Iterative Innovation, Part Two: the Value Proposition for a comprehensive metrics program

Is a concerted metrics program necessary to achieve a rapid II cycle? Or will some spot checks, when needed, suffice? Why is measuring anything more than basic player behavior important?

Raise your hand if you’ve been haunted by some variant of this question: “Is all of this metrics stuff really necessary for success, or is this a post-launch luxury that we can do without, at least for now? Other online games have been built without it, we have a strong team, we already know what our users want, and our publisher is pushing heavily on game features, not tools. What’s the difference?”

People react to how their success is measured. To generate the correct behavior, you need to measure the right things. If everybody keeps chanting “game features, game features, game features”, then game features take priority even when project schedule, cycle rates, engineering efficiency, system stability and infrastructure all suffer. Without automated, accurate metrics, it is difficult to evaluate such priorities. All measures become “probably” based, and the tendency is to assume the optimistic side of probably, especially when you’re running late, as everyone always is. This leads to sacrificing less visible, less quantifiable problems, such as cost of frequent build failures, to show more progress on game features: the primary factor on how success is measured.

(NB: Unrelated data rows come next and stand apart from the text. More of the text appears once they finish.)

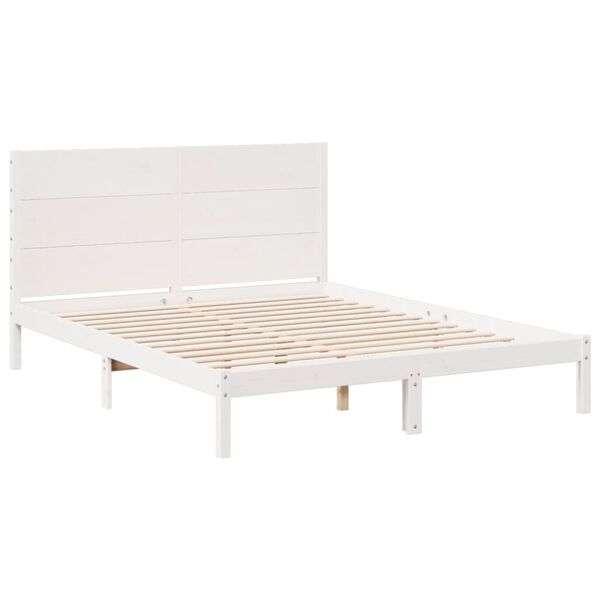 vidaXL Bedframe extra lang zonder matras massief hout wit 160x220 cm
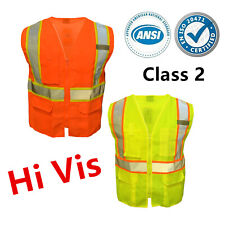 Hi Vis Ansi Class 2 Reflective Tape Safety Work Vest High Visibility W Pockets
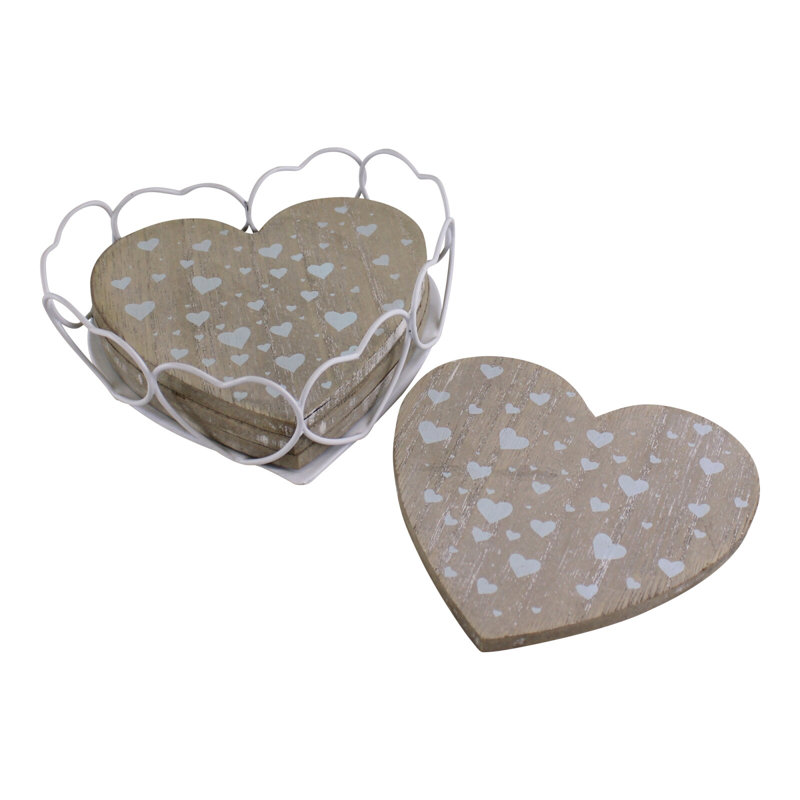 Wood 4 Piece Coaster Set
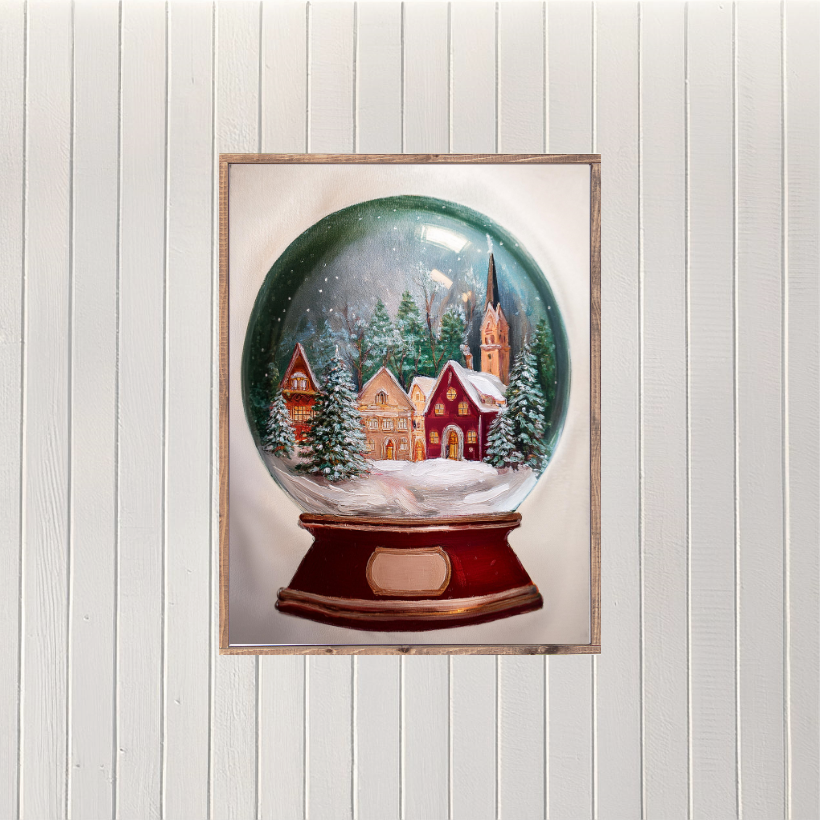 Winter Village Snow Globe Canvas Printed Sign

This in turn results in slow, inefficient development until the system breaks down so badly that cycle times and QOS become barriers to forward progress on anything. Slap some bandages on the worst of the spurting arteries, then straight back to game features, because now you’re out of time, too, Right?

All features, game play and game service, need to be evaluated by their impact on CA/CS/CR/LVT, and on the II cycle rate. See also: [The Probably Problem and Case Study (QA test suites)]. People tend to measure what is easy to measure, not necessarily what will generate the correct behavior. Gameplay features are easily seen, easily compared to the last version, and are definitely required for success. But a successful online game also requires many service-based features, such as QOS, quick response times, and cost of service per customer. When fuzzy definitions of infrastructure requirements such as “good enough service” or “good enough cycle speed/stability” exist, or they are not easily observed, they will continue to receive less attention than game features until something breaks.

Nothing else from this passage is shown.